Dezembro, bem sagitariano, coloca tudo para fora ao descortinar a seta do tempo. Uma sensação orgânica ainda que desencontrada, de olhar para trás e de se virar em direção ao novo. E, ao imaginar a próxima década, fica difícil resistir a força aguda dos acontecimentos distópicos que já alcançaram inúmeras projeções e, de forma ainda mais prejudicial, debilitam nossa capacidade de sonhar, como comentei na edição de Outubro. Por outro lado, eu bem leonina, me sinto confiante da rede invisível que forma nossa inteligência coletiva, essa que nos fez cooperar (e não competir) e sobreviver até aqui. Por isso, num exercício de projeção megalomaníaca e afetiva, eu gostaria de pensar que no início dessa nova década todos nós formaremos embarcação rumo a humanidade.

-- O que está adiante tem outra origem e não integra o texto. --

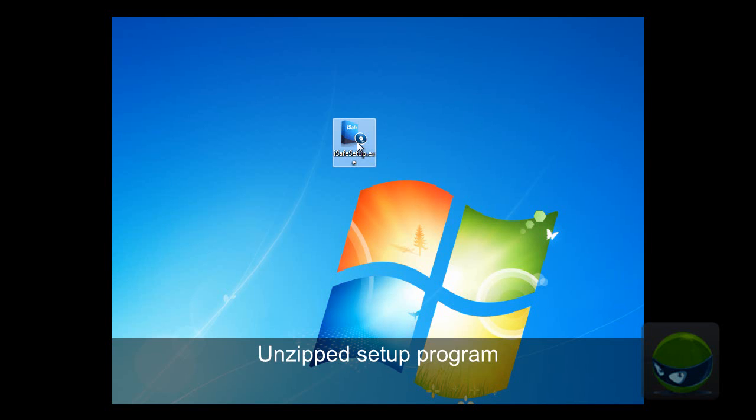Here, it is the extracted setup program from download zip file. Double click to install it, it is a piece of cake for anybody.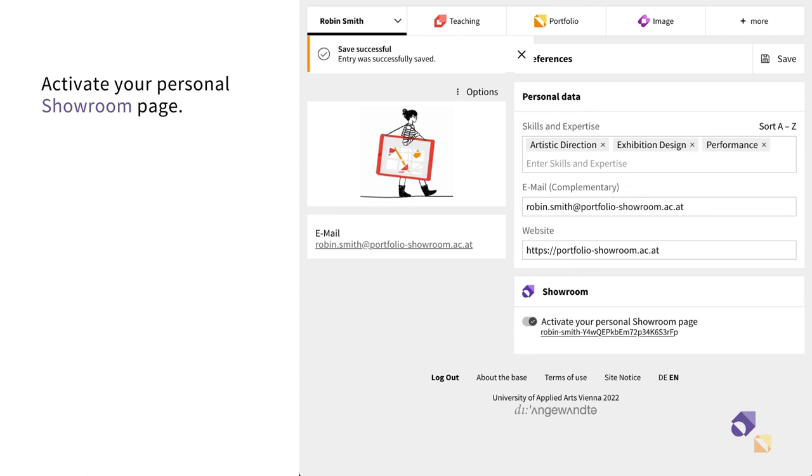Now you have specified your preferences and activated your personal showroom page.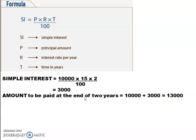So what will be the amount to be paid at the end of 2 years? It is the first amount which you borrowed plus the extra. The amount borrowed was 10,000 and the extra amount is 3,000, so 10,000 + 3,000 = 13,000. The person should repay 13,000 after 2 years. He borrowed 10,000 and has to pay an extra 3,000, so the total amount to repay is 13,000. That is known as the amount.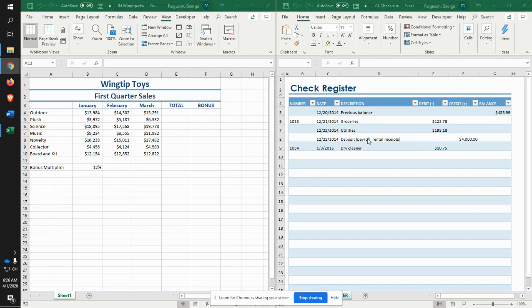Save that, and then submit that along with all of your other files for the application problems. So for application problems one, you're going to have a series of files for each of the problems that you submit for that one.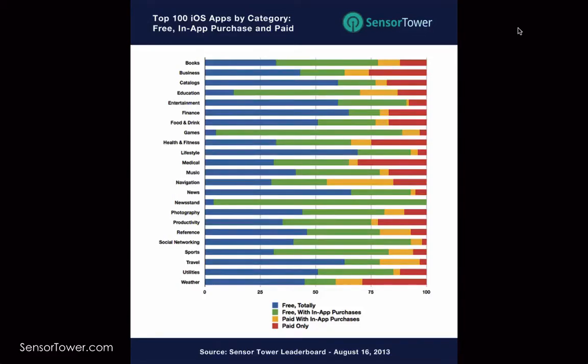Hello! One common question that we get is: should my iOS app be free or should it be paid? Obviously there's no one blanket answer to this question, but if we take a look at what the top apps in each category are doing, we can get a better idea of how you should price your app.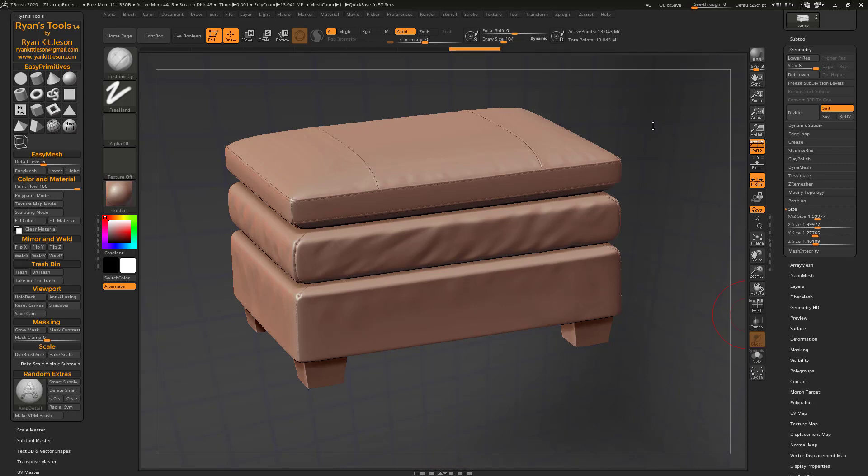Okay. Now let's look at the scale section. So previously I had Dyne Brush Size in the random extras, but I added a couple more scale features here. So I moved Dyne Brush Size up into this new section called Scale. Just as a refresher, Dyne Brush Size, if you click this, it makes your brush size calibrated to the size of your model. So it's not like crazy big or crazy small.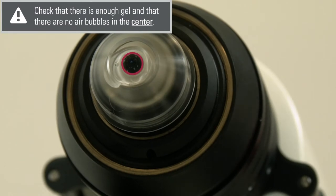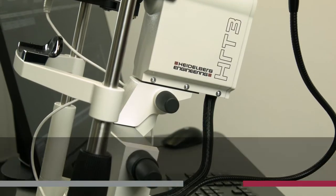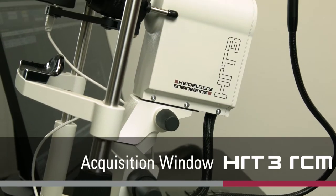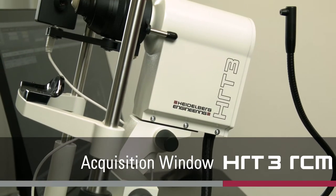Do not use ultrasonic gel or gel with low viscosity.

Seguindo no movimento de cooperação, compartilho o ponto de vista de Douglas RushKoff, professor e teórico americano do campo recente, mas urgente, denominado de “humanidades digitais”. Em Janeiro deste ano, Douglas lançou Team Human ou Equipe Humana, um livro manifesto que se vale da metáfora do funcionamento de uma equipe para explicar o papel da humanidade frente às ameaças da sociedade tecnocrata, e mais precisamente das falhas e ambições que colocamos no desenvolvimento das tecnologias massivamente adotadas.

Como um reflexo de nossa própria criação, nos deparamos com a alienação da noção do coletivo em detrimento da competitividade individual. Muitas vezes, com mais intimidade com plataformas sociais do que ao olhar humano. Com pouco discernimento para diferenciar alegrias públicas de privadas, cedemos nossas vivência íntima por influência social. Estamos comunicando, na maioria das vezes competindo por um lugar ao sol na hierarquia virtual, mas não cooperando.

Ainda pensando em nossa capacidade de evolução, parece evidente que para recuperar um estado de consciência e inteligência coletiva, é imprescindível o espírito de cooperação. Somente mediante a uma mobilização global e destemida da complexidade poderemos ser capazes de redesenhar os caminhos da civilização humana e, principalmente, do nosso lar, mais conhecido como planeta Terra.

É urgente nos empenharmos em permanecer humanos. E, nesse caminho, precisamos nos dedicar em nutrir o melhor de nós mesmos como espécie, para que nossa cooperação redesenhe estruturas sociais ainda mais complexas, porém ainda preocupadas com a permanência humana. E se esse desafio parecer longínquo: é no agora que precisamos construir melhores possibilidades existenciais. Para acabar com a epidemia de suicídio que tem como vítimas principalmente jovens do Brasil e do mundo. Precisamos nos encontrar, conversar, sonhar e agir rápido. Parar de apenas mensurar os impactos do desenvolvimento pouco intencionado da tecnologia e reagir perante aos números e as inúmeras ameaças que já se materializam na precarização de nossas relações. Estamos mais solitários, ansiosos, polarizados, com pouca paciência para nós mesmos, olhando mais para telas do que para os olhos de outras pessoas.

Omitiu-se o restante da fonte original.